Huckleberry Hill Elementary School Principal Melissa Wyland requested a first grade teacher position to keep class sizes small. She also asked for a part-time elementary clinical supervisor.
“At Huckleberry Hill, we’ve seen an increased number of students with behavioral mental-health challenges, as well as students in crisis who are experiencing or have experienced trauma,” Wyland said. “So that person would support our program, teachers, paraprofessionals, classroom teachers, it will help us when we are having students that are having challenges.”
Regarding the DLP, DePrizio asked the principals to elaborate on the loss of learning experienced by students, mentioning an occasion when a school wing had to be evacuated, impacting other classes.

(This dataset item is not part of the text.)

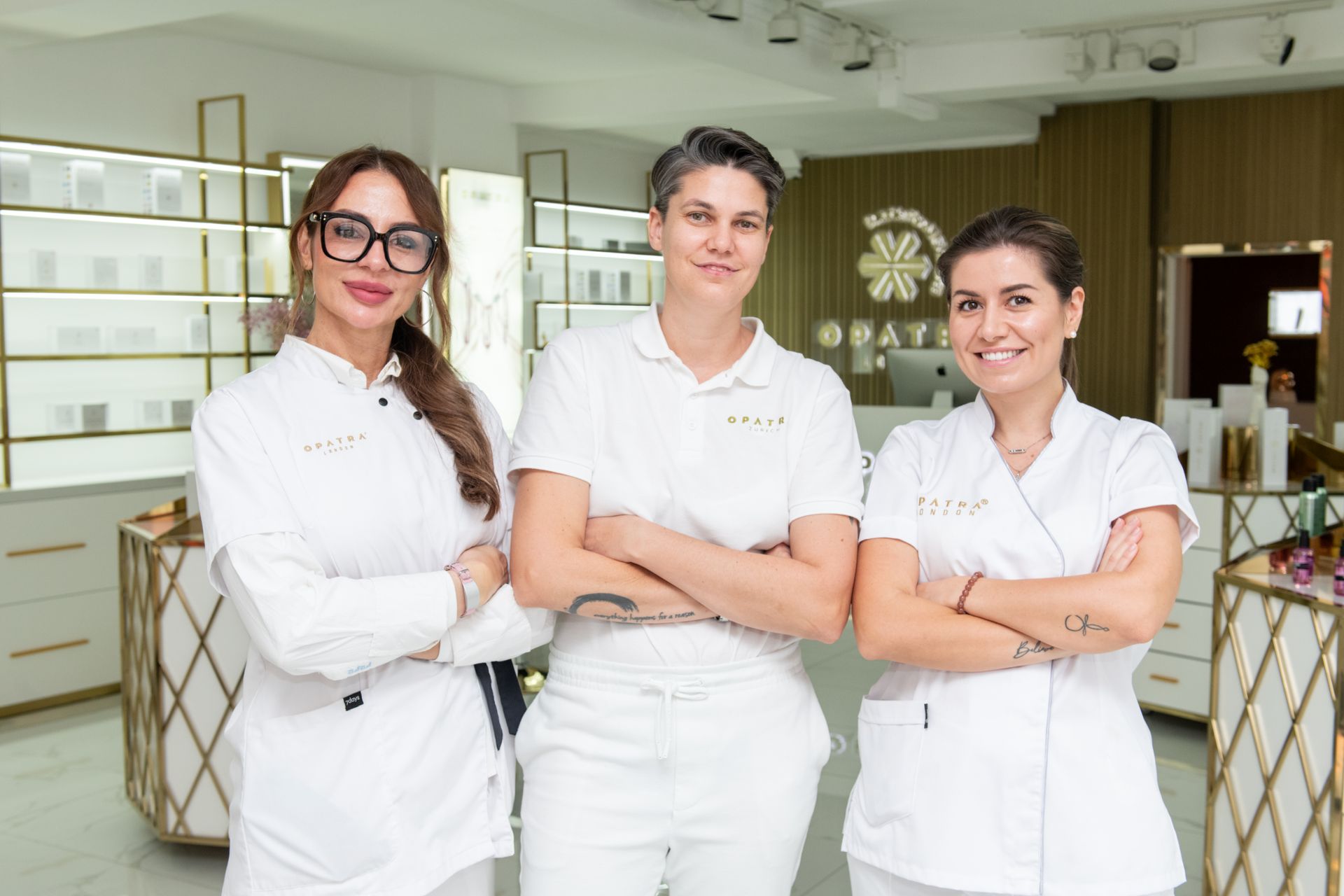 Drei Frauen unterschiedlicher Herkunft posieren gemeinsam für ein Foto.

“We do have times when I have to remove other students from a classroom due to a child being unsafe,” Wyland said. “When that happens, we obviously get the kids out for their own safety, but also the safety and privacy of the student in crisis. We try to de-escalate the situation as quickly as we can, and have the students returned to the classroom. However, you can imagine when they return to the classroom, we also have to take time to process what they saw and to provide them an opportunity to discuss their feelings, and then to slowly get back into curriculum. So this is something that we’re seeing more of, and it’s happening more often.”
Summer Street Elementary School Principal Karen Cronin requested two kindergarten teachers, two kindergarten paraprofessionals, and a first grade teacher to expand the number of classrooms at the school.

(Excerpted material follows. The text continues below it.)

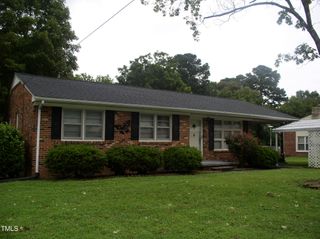 546 Sagefield Drive, Henderson, NC 27536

“Our incoming kindergarten numbers, the enrollment right now is that there’s 92 students, which is not a static number, and that number will change and probably rise,” Cronin said. “And as a former teacher, I will always advocate for a lower student to teacher ratio.”
It was then the School Committee’s turn to present its budget recommendations.
The committee agreed with several of the principals’ requests, including two kindergarten teachers, two kindergarten paraprofessionals, and a first grade teacher at Summer Street; a first grade teacher at Huckleberry Hill; and additional interventionist support at the two elementary schools and Lynnfield Middle School. The committee also recommended adding a BCBA for the district, a part-time clinical supervisor for the elementary schools, a stipend for the Lynnfield High School Special Services department head, and a partnership with the New England Center for Children’s differentiated learning programs for the middle school and elementary schools.
The committee did recommend some budget reductions as well, including the elimination of the high school’s media center specialist position, a special education teacher position at the middle school, and stipends for athletics game support staff and faculty manager stipends for Lynnfield High. It also recommended the reduction of five administrative positions.
Some recommended capital requests included the reupholstering of all seats in the high school’s auditorium, and Chromebooks, laptops, and other materials for the technology department, pending an audit.